In the survey the developers allowed individuals to provide free-form descriptions of R/E.  Then these free form responses are to be put into the stylized R/E buckets used by the Census and others.  Here is the log

Set SASCDC_2.Arias_County_RC_ETHNIC_CLEANUP;
577       If  Identify_Race_or_Ethnicity in
577! ("American_Indian","American_Indian_(Cheeroke)","American_Indian_or_Alaskan
                      ---                          ---                                 ---
---
---
                      49                           49                                  49
49
49
577! Native","Apache","Caucasian/_NAtive_American_Cow_Creek","Caucasian/_Native_American",
NOTE 49-169: The meaning of an identifier after a quoted string might change in a future SAS
             release.  Inserting white space between a quoted string and the succeeding
             identifier is recommended.
NOTE 49-169: The meaning of an identifier after a quoted string might change in a future SAS
             release.  Inserting white space between a quoted string and the succeeding
             identifier is recommended.

581             "American_Indian/Hispanic") then Identify_Race_or_Ethnicity = 'NATIVE_AMERICAN'
581! ;
582  run;
581             "American_Indian/Hispanic") then Identify_Race_or_Ethnicity = 'NATIVE_AMERICAN'
                                         ------------------------------------------------------
                                         49
581! ;
NOTE 49-169: The meaning of an identifier after a quoted string might change in a future SAS
             release.  Inserting white space between a quoted string and the succeeding
             identifier is recommended.

583  Data SASCDC_2.Arias_County_RC_ETHNIC_CLEANUP;
584     Set SASCDC_2.Arias_County_RC_ETHNICITY_A;
585
586     If Identify_Race_or_Ethnicity in ("Mexican-Indian (these were their own words)", "US
                                                                                      ----
----
----
----
                                                                                      49
49
49
49

I am not sure what the log is trying to tell me?  It is a note not an error technically, however when I check the field that is to be changed many of the free form texts are still there. I am searching for answers or remedies (that is why there are underscores between letters and other text expressions in the above).

 

In some other coding like Python that is sensitive to whitespace there is at least and explanation of how to correct and then the code runs as expected.  Here I think SAS is ambiguous (maybe not - so that is why I am asking how to correct this - even though it is just a note because the code doesn't produce the expected result.)

 

Thank you for your help.

 

wlierman

1 ACCEPTED SOLUTION

Accepted Solutions
Tom
Super User Tom
Super User

The error message is just the place where SAS compiler was able to see something strange.  It has tagged this code was strange.

","A

So it is saying that you shouldn't use A right after the quoted comma because SAS might decide to use that to indicate some type of special constant.  Like they use D, T and DT for date, time and datetime constants.

 

Look higher up somewhere in your code for unbalanced quotes.

 

View solution in original post

5 REPLIES 5
Reeza
Super User
Add a space between the quotes and comma. Or you can remove the comma's entirely within a data step.

"American_Indian"_,
The compiler would like to see that underscore as a space.

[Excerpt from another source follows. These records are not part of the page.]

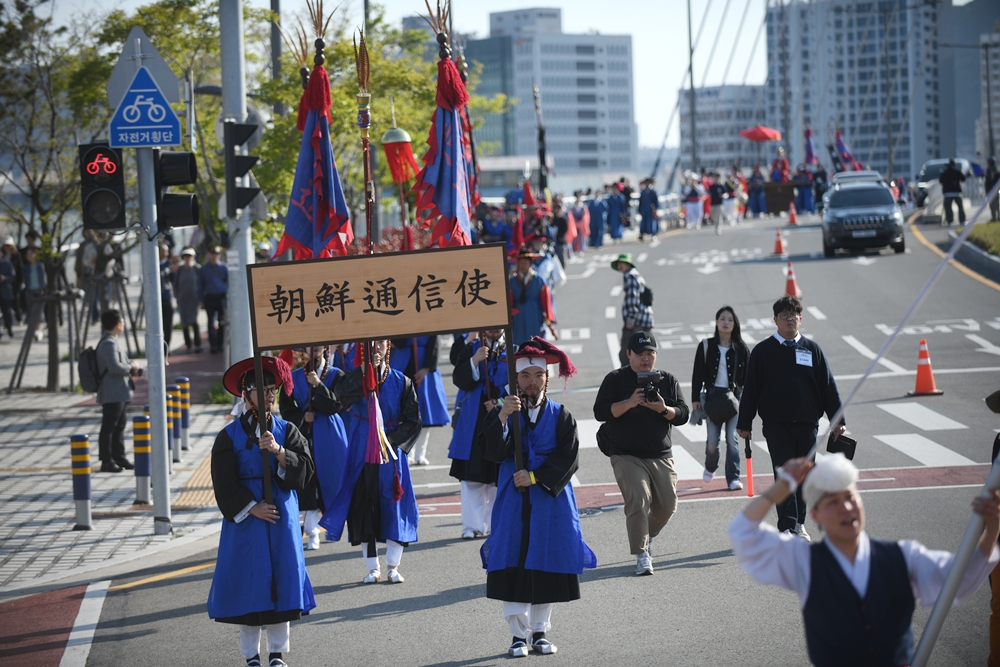 La reconstitution des parades effectuées à l’occasion du départ des missions diplomatiques Joseon Tongsinsa se déroule sur Yi Sun-sin-daero, à Busan, le 26 avril 2025. © Busan Culture Foundation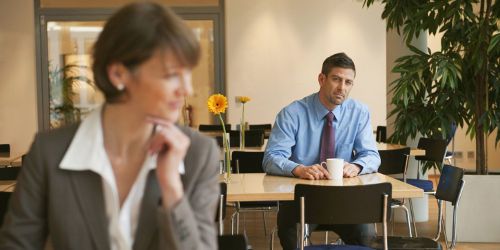 Travail : faut-il cacher une relation amoureuse au bureau ?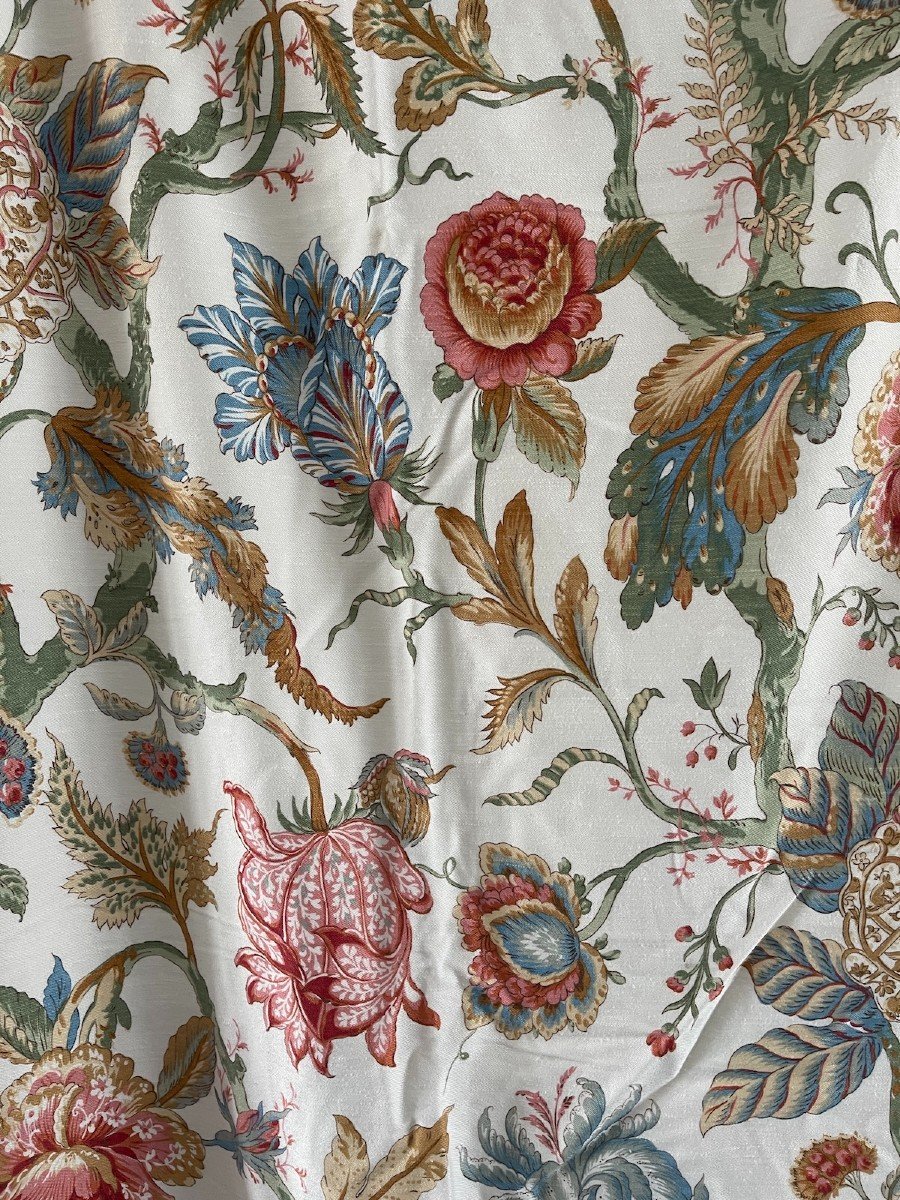 Pair Of Large Scale Floral Curtains With Wool Lining And Gold Rings-photo-3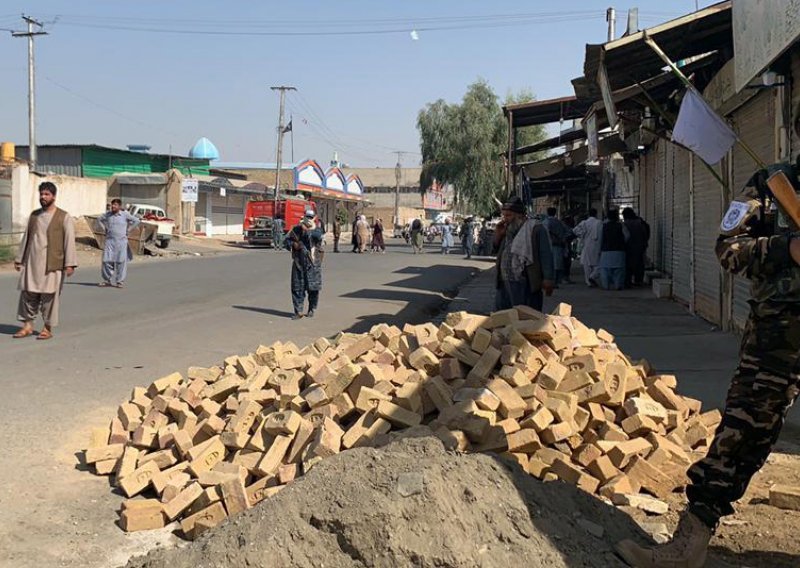 Nova eksplozija u Afganistanu: Više od 30 ubijenih u napadu bombaša samoubojice u Kandaharu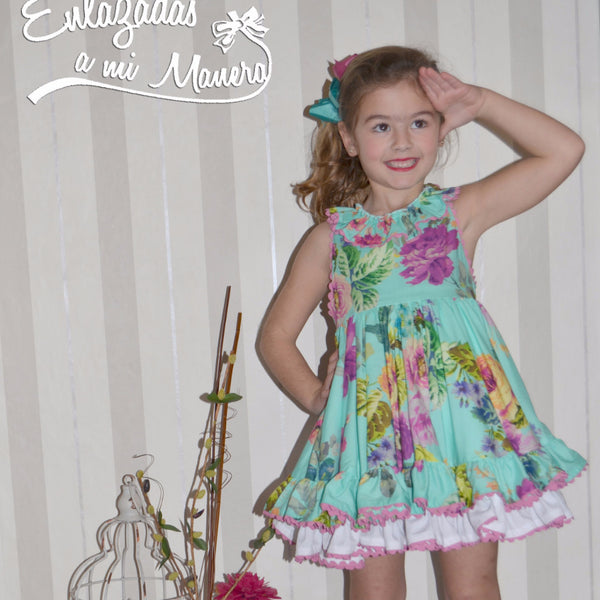 Vestido de Niña con Flores en Buganvilla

The rationale is because SAS literals use a similar notation where the character after the quote does have meaning, ie

'01Jan2019'd -> d here tells SAS to read that as a date not as a character or 'My date'n tells SAS this is a variable name, not just a string of characters.

The log is warning you that this could be an issue in the future, but it's not an error. I would fix it because otherwise you don't know if you have a new issue or if it's the same ol' issue.
ballardw
Super User

Of course it depends on exactly which race/ethnicity coding you are emulating. There is more than one "census" encoding scheme and you have several of those that would fall into "more than one race" in at least one of the schemes.

 

I've often used custom informats to address such issues to map relatively open text to specific values with an Other= _error_ option to have the log tell me when there are values I didn't expect.

One small advantage of this is you can use the UPCASE option with the invalue so that the case is converted to all uppercase when the comparison is made so that these are the same:

 "Native_American" "native_American" "native_american"

as well as any other mix of capitalization.

Yes it can lead to longish Proc Format code but sometimes having all the values in one place makes keeping track of such things easier.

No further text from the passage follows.